The panel found that, while a 1957 case established that railroads are not permitted to extract oil or minerals from beneath their rights-of-way, a proviso in one of original acts “prevents the grantee from extracting mineral resources, not from using the subsurface for any other purpose.”

“This is in keeping with the common law’s distinction between an ordinary easement (‘a nonpossessory right to enter and use land’) and a profit à prendre (‘an easement that confers the right to enter and remove timber, minerals, oil, gas, game, or other substances,’)” the ruling states.

Therefore, the panel ruled that a railroad easement “entitles Union Pacific to lease the subsurface as well as the surface of its right of way to SFPP as long as it continues to use the right of way to operate a railroad, regardless of whether the pipeline itself serves a ‘railroad purpose.’”

In clearing the way for amendment of the counterclaims, Block wrote: “Union Pacific’s proposed amendment alleges that the pipeline serves a railroad purpose ‘because Union Pacific uses capacity on the pipeline to transport millions of gallons of fuel a year, purchased directly by Union Pacific from third-party refineries, via dedicated facilities to private terminals on the railroad line that Union Pacific owns.’
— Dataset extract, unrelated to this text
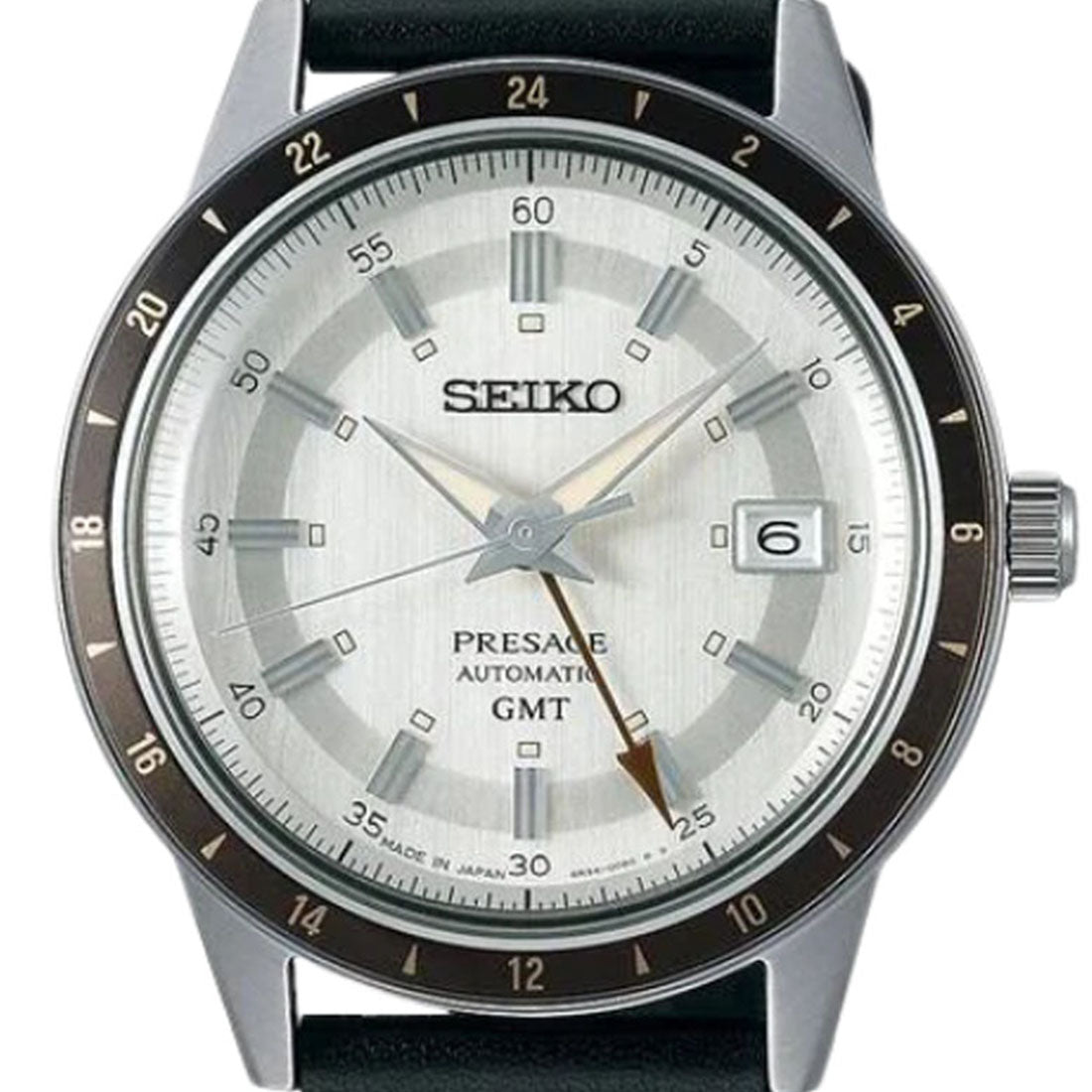 Seiko Presage Style 60's GMT Mechanical Watch SSK011J1 SSK011J SSK011 -Seiko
“It alleges that it ‘uses this fuel to power its locomotives,’ and that the use of fuel from the pipeline ‘reduce[s] core railroad operating costs by millions of dollars a year,’” the ruling continues. “We hold that the district court should have granted leave to amend because that allegation, if proven, is sufficient to establish a prima facie case that the pipeline serves a railroad purpose.”

The relevant distinction, Block added, “is not between the ‘subsurface; and the ‘surface,’ but between the ‘mineral estate’ and the ‘surface estate,’ which includes all of the subsurface except mineral estate.”

“In both Union Pacific and Great Northern, the issue was whether the railroad had the right to extract resources from the mineral estate,” Block continued. “The Supreme Court’s negative answer does not foreclose any other use of the subsurface from being a railroad purpose.”

The panel reversed and remanded with instructions to grant leave to amend.